[SUPPLIED DATA]
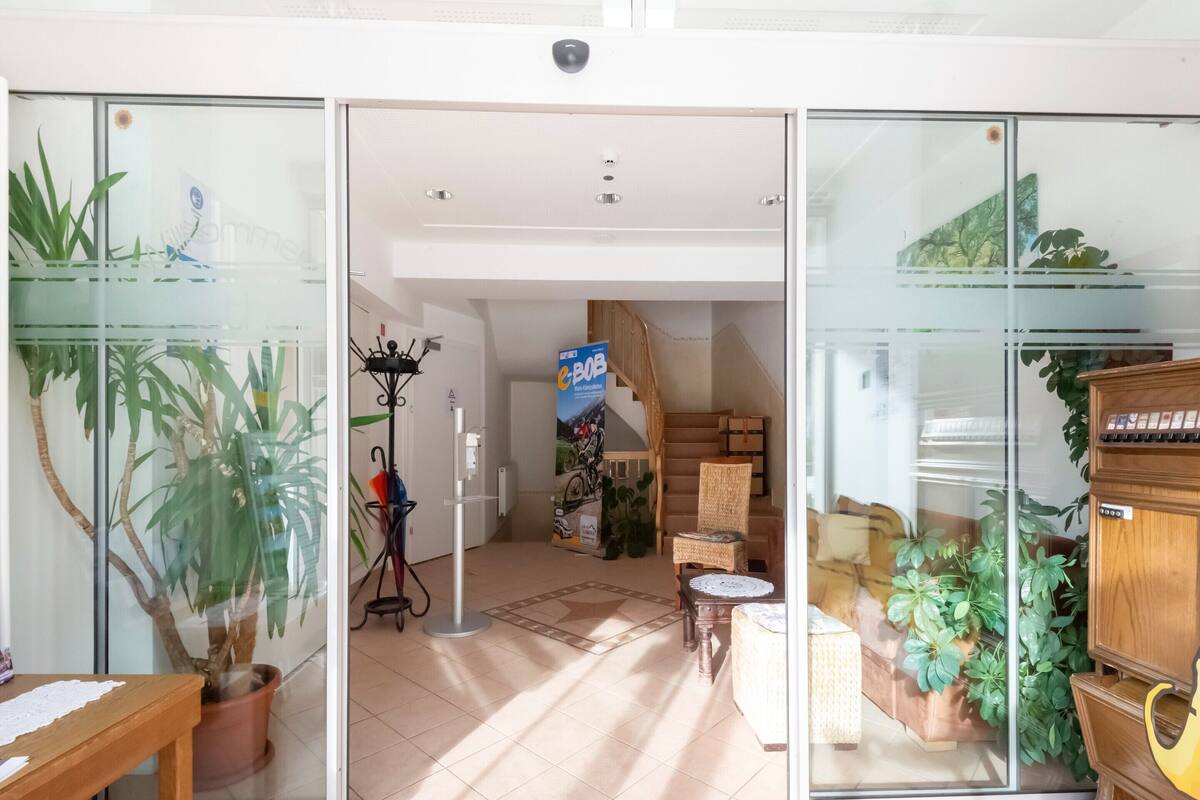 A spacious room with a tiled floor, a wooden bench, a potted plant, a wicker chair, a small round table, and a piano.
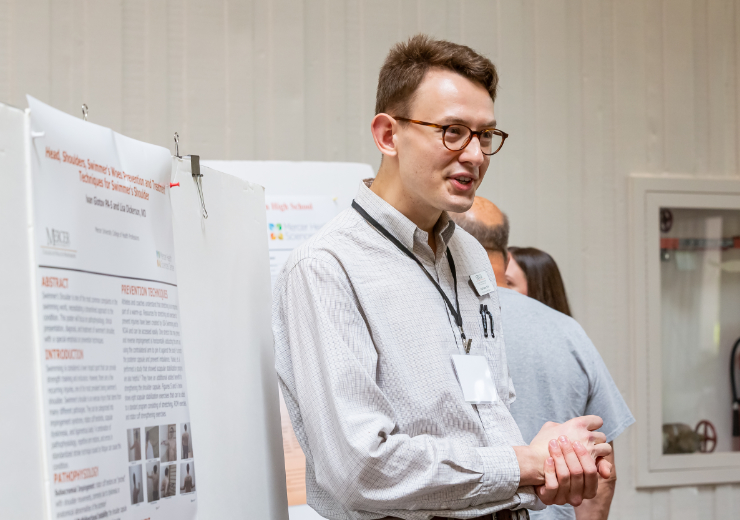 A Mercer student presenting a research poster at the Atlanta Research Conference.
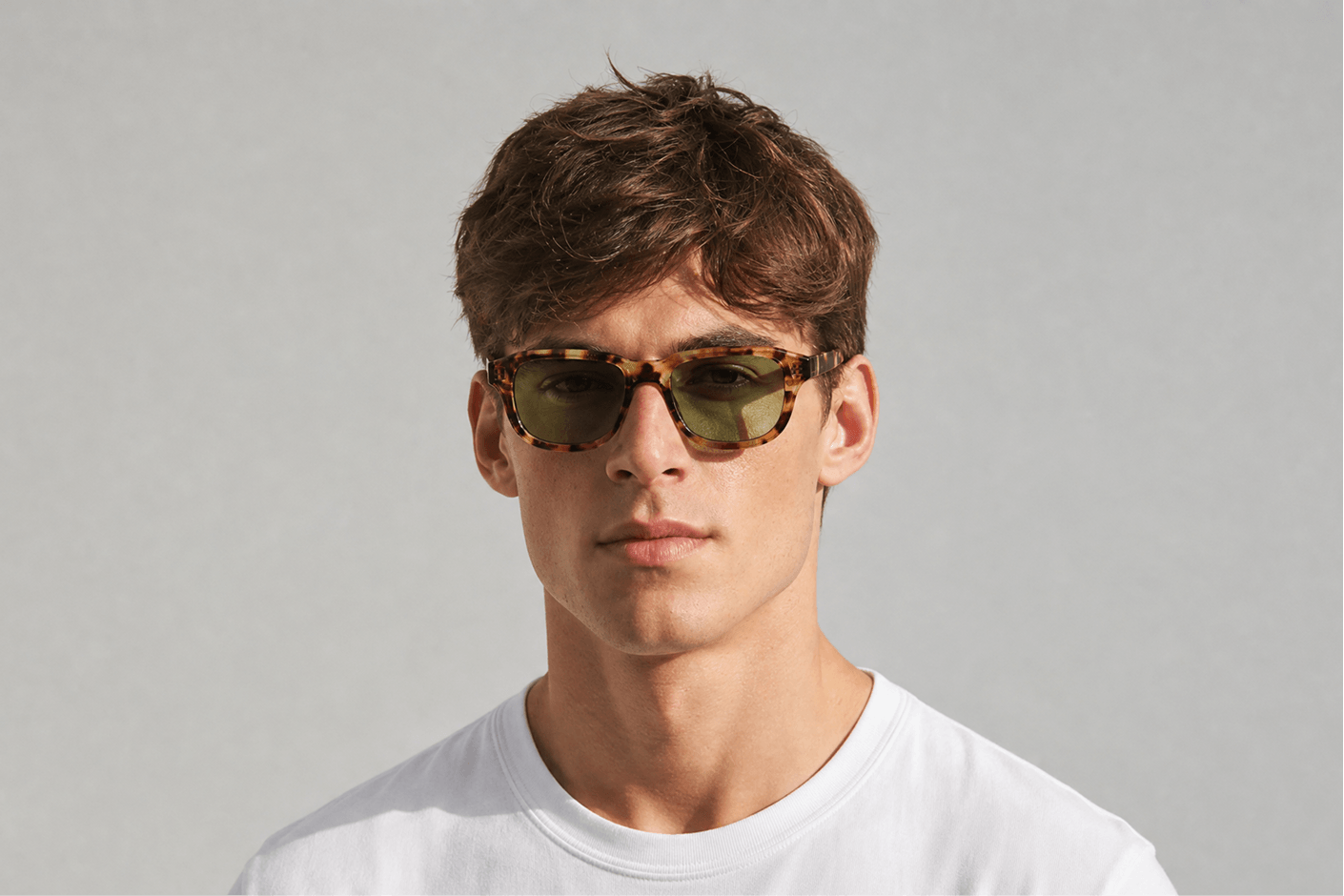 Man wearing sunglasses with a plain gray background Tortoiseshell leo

[REQUIREMENT] Apart from the pictures, all of the data should be repeated exactly.

[SOLUTION]
 A spacious room with a tiled floor, a wooden bench, a potted plant, a wicker chair, a small round table, and a piano.
 A Mercer student presenting a research poster at the Atlanta Research Conference.
 Man wearing sunglasses with a plain gray background Tortoiseshell leo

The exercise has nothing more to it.